● **Problem to solve**
In the copy of the lines below, leave out pictures and print everything else exactly.

● **Stored data**
□ □ □ □ □ □ □

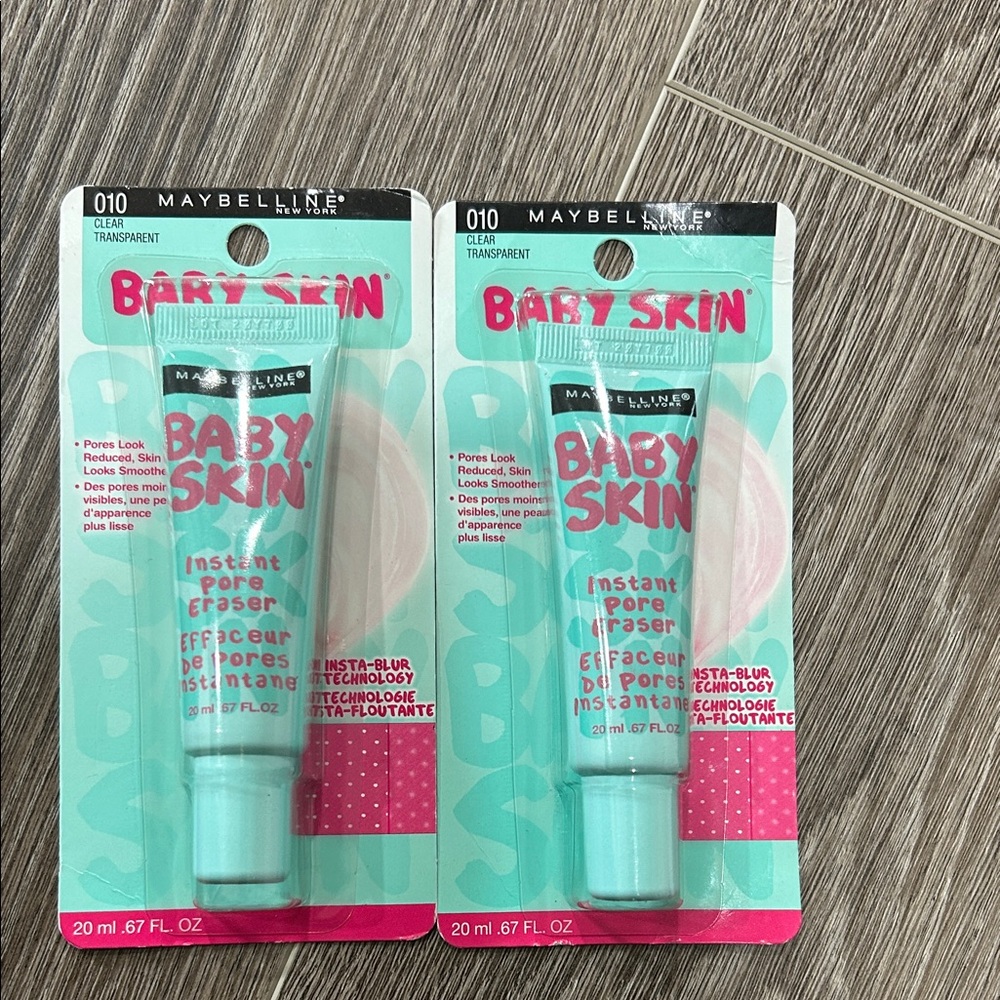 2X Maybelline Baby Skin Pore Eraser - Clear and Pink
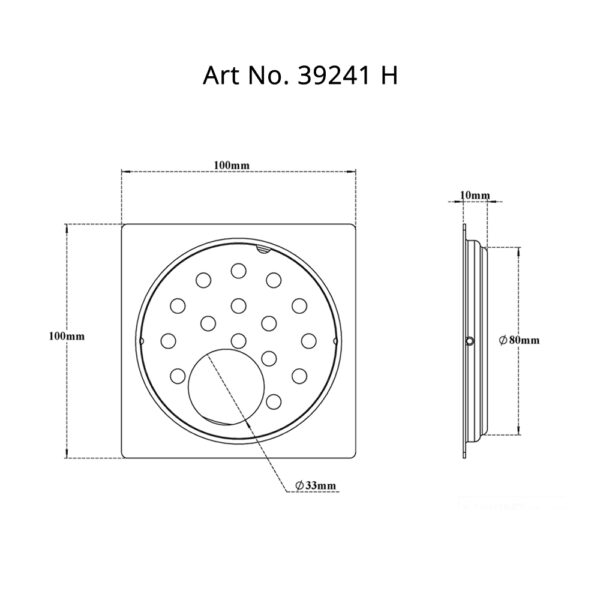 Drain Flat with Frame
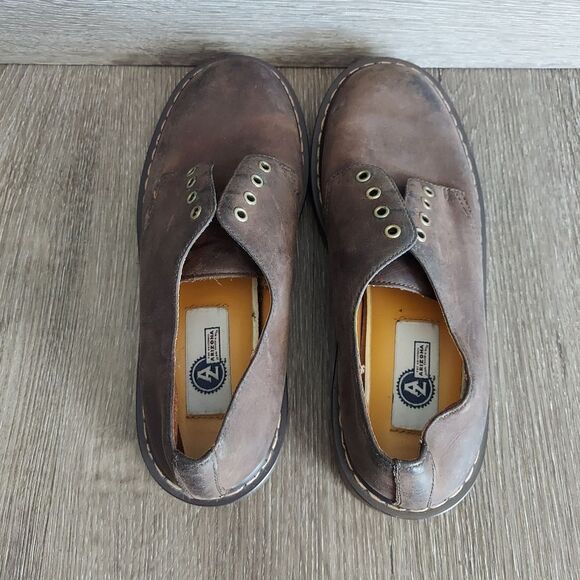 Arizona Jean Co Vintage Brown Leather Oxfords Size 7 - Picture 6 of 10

□ □ □ □ □ □ □

● **Answer to this problem**
 2X Maybelline Baby Skin Pore Eraser - Clear and Pink
 Drain Flat with Frame
 Arizona Jean Co Vintage Brown Leather Oxfords Size 7 - Picture 6 of 10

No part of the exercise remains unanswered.